Scrive Liz Jones Diary del Mail On Sunday: «La critica in estasi: “Lo show della stagione! Monumentale!”, strombazza Vogue.com, a proposito della sfilata maschile parigina di Rick Owens per la primavera/estate 2018. La stella è un modello così scarno che le orecchie sembrano giganti, testa rasata, faccia emaciata, zigomi così affilati da grattugiarci il parmigiano, costole a vista. Sembra il sopravvissuto di un campo di concentramento. […] L’ossessione per i modelli magrissimi non è nuova, ma ora siamo andati oltre. Non vedono mai il sole, non fanno attività fisica, sembrano malati terminali. Si tratta, mi dicono gli interni, di giovani fieri di non stare in salute perché vivono virtualmente. E i loro stilisti pure, hanno abbandonato il mondo reale, sono virtuali, sono fantasmi. Non c’è nessuno che ne accorga? A parte l’organizzazione All Walks Beyond the Catwalk, che dichiara: “I modelli fanno fatica a riconoscere la loro vulnerabilità e tentano di mantenere il corpo alla moda. Sono sottopeso in modo scioccante, ma è un nuovo look per vendere più vestiti”. Sono cadaveri guidati dal commercio. Si notano e gli altri li copiano».

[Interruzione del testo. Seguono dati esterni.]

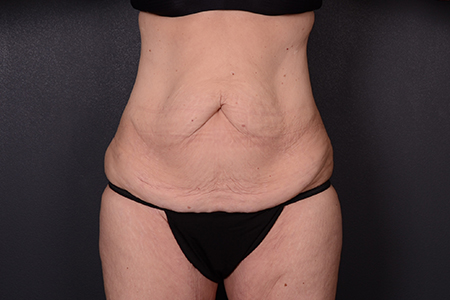 Tummy Tuck Patient 99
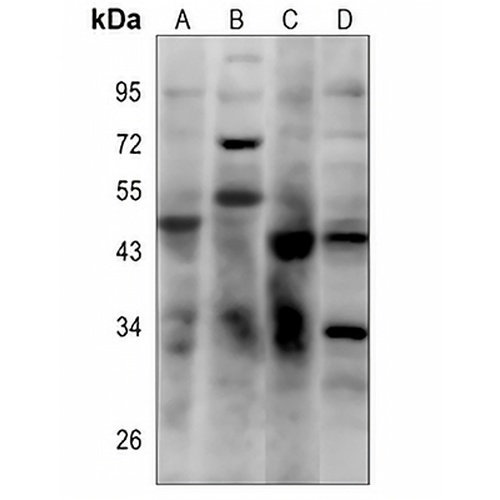 CD16b Rabbit Polyclonal Antibody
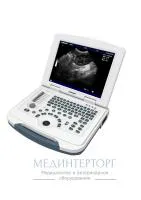 Ветеринарный УЗИ сканер начального класса MU-10 Vet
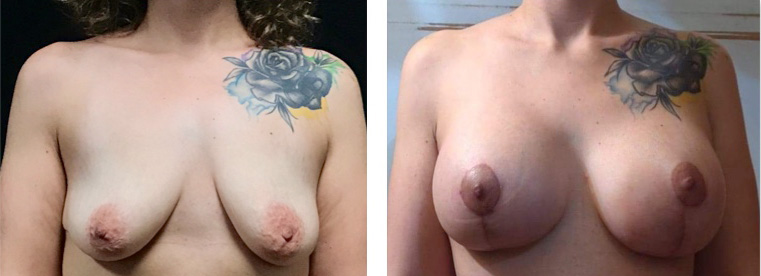 Breast Augmentation Before & After Gallery - Patient 175518065 - Image 1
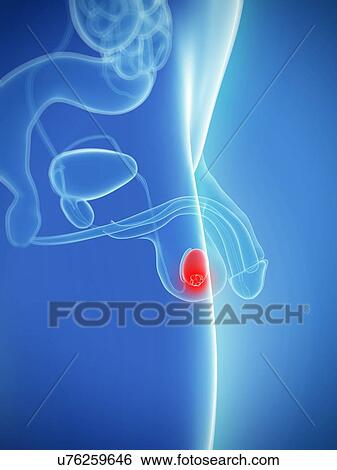 Testicular cancer, artwork View Large Illustration Stock Illustration - Testicular cancer, artwork. Fotosearch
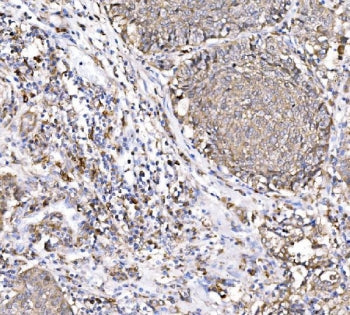 PAK1 Antibody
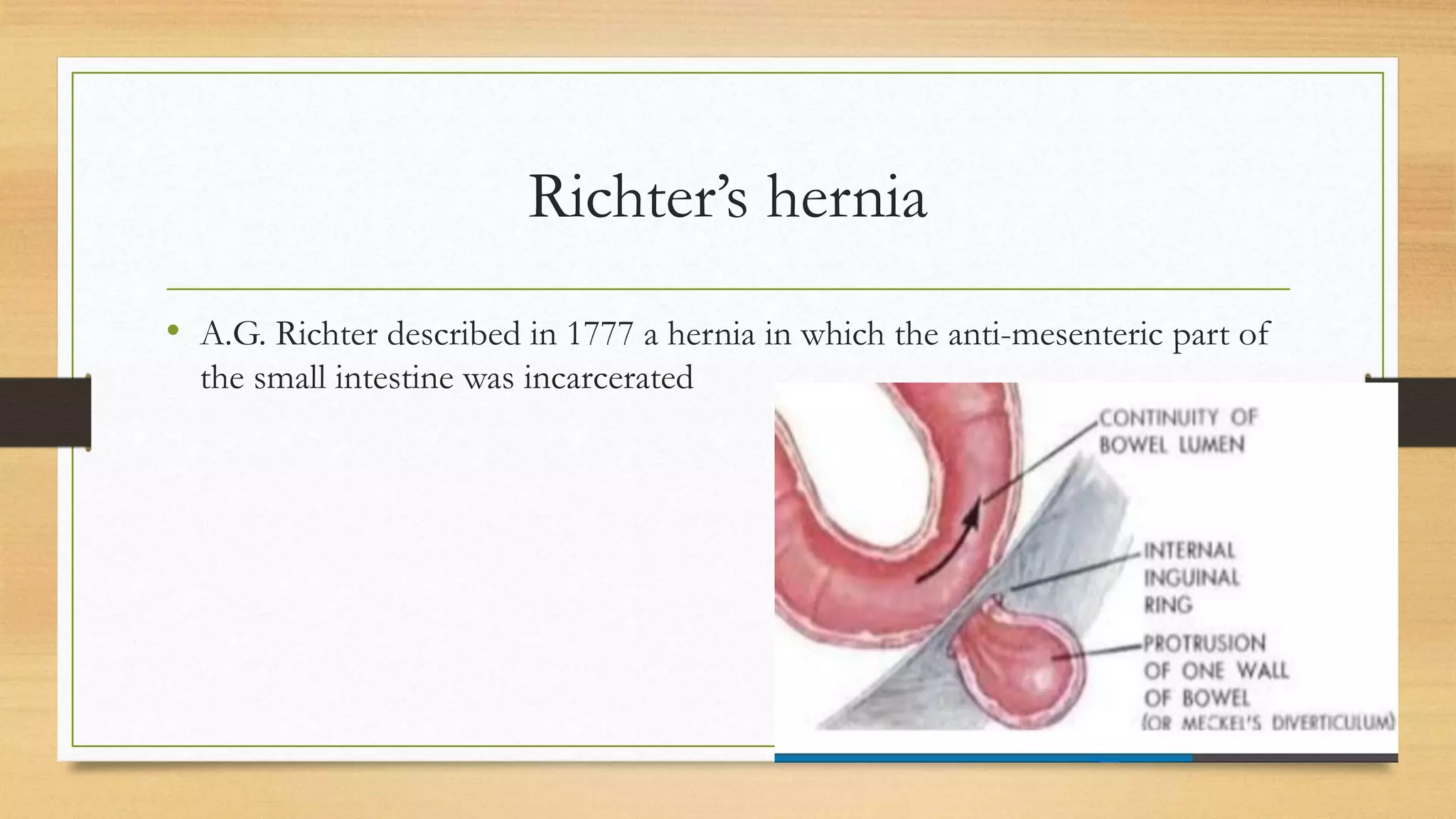 Strangulated Femoral Hernia PPTX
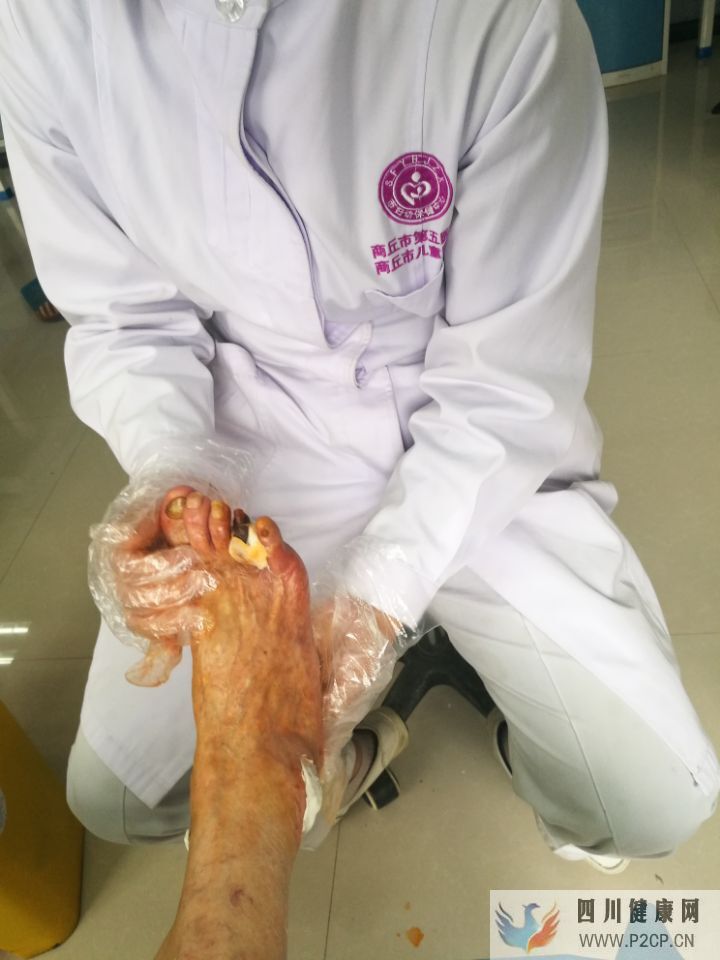 糖尿病患者出现脚趾发黑的现象,是什么原因引起的?(图1) 糖尿病患者出现脚趾发黑的现象,是什么原因引起的?(图1)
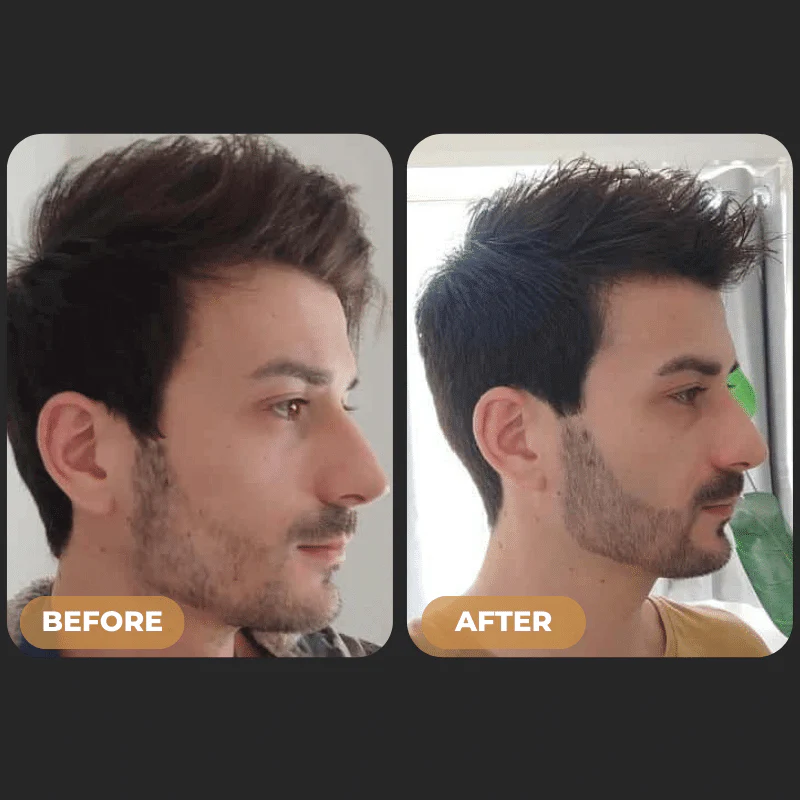 SPARTAN™ - Beard Growth Oil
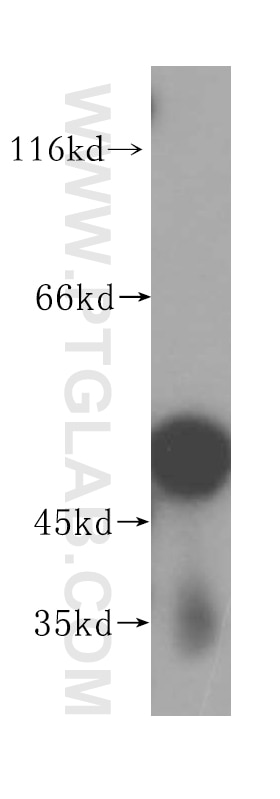 Western Blot (WB) analysis of mouse pancreas tissue using ACTR3B Polyclonal antibody (17022-1-AP)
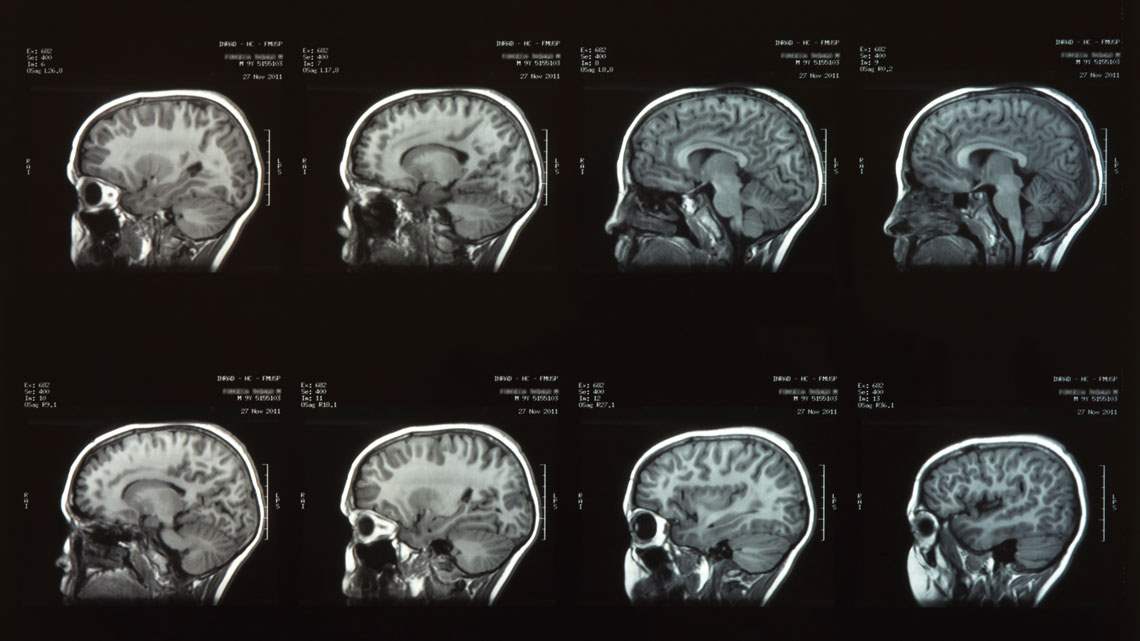 A idade do seu cérebro pode estar adiantada (ou atrasada): veja como descobrir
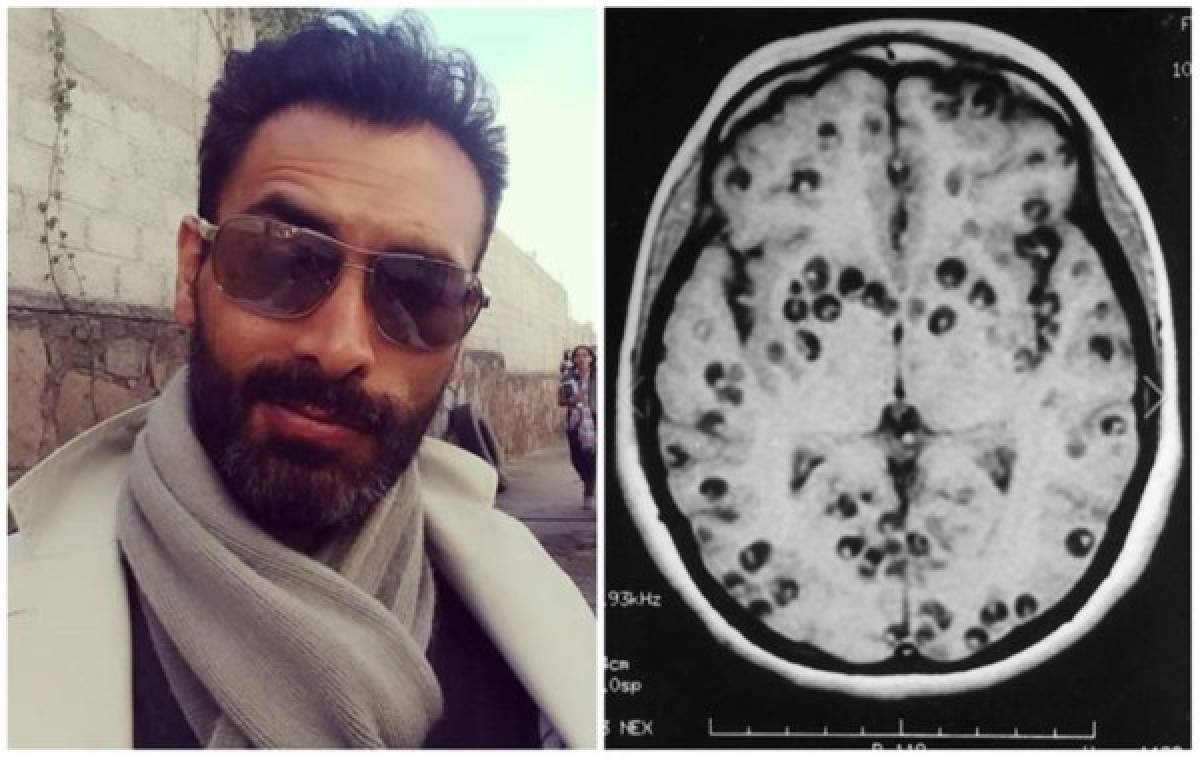 Qué es la cisticercosis, enfermedad que mató al actor Sebastian Ferrat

È il Capitalismo, bellezza! Insomma, bellezza per modo di dire…
«Un look che farebbe girare parecchio le palle a Primo Levi», ha commentato qualcuno sul mio profilo Facebook. Non c’è dubbio. D’altra parte Levi forse capì, o quantomeno intuì, che la radice del Male che aveva generato lo sterminio della guerra e dei campi di concentramento non fosse stata estirpata dai cosiddetti liberatori, e che anzi essa fosse più profonda e più viva che mai, nonostante le apparenze contrarie e la retorica intorno all’irripetibilità di quell’orrore. In ogni caso, non voglio sostenere che tra l’anoressico modello che sfila a Parigi e lo scheletrico prigioniero di Auschwitz non corra alcuna differenza; intendo piuttosto dire che entrambi, a loro modo e nelle circostanze date (insomma, mutatis mutandis), ci restituiscono l’immagine dello stesso mondo irrazionale, che è tale in grazia della sua radicale disumanità. La sostanza irrazionale e disumana di un mondo che ruota sempre più vorticosamente intorno al Sole-Denaro si manifesta in molteplici modi, e spesso tocca alla scienza medica (dalla psichiatria alla psicoanalisi, dalla chirurgia alla farmacologia) prenderne atto in modo del tutto empirico, senza altro obiettivo che non sia quello di riparare danni e metterci nelle condizioni di continuare la corsa. Ecco perché a mio avviso non è “blasfemo” né fuori luogo esclamare anche nel caso qui trattato: Se questo è un uomo! Con una semplice quanto essenziale avvertenza: qui si parla di noi, di tutti noi, non dell’eccezione che ci invita a spalancare gli occhi sulla cosiddetta normalità.
Caro Levi, questo è un uomo.
Oltre ogni critica al costume, caro Levi, soltanto questa umanità, e non altre, dinanzi al dispiegarsi storico della disumanità, della reificazione generale, può trovare il modo per andare oltre senza guardarsi alla spalle.
Per gli uomini “cadaveri guidati dal commercio” e per i cadaveri generati dal commercio che è all’ordine del giorno l’abolizione dello stato di cose esistente.
Cosa sono i proletari se non cadaveri – alienati della loro capacità lavorativa – guidati dal commercio? Sono forse dei Miserabili? Allora è auspicabile che siano proprio questi Miserabili, negando la loro essenza di classe, a porre fine all’irrazionalità capitalista.
Molto ben detto: che il morto afferri la vita!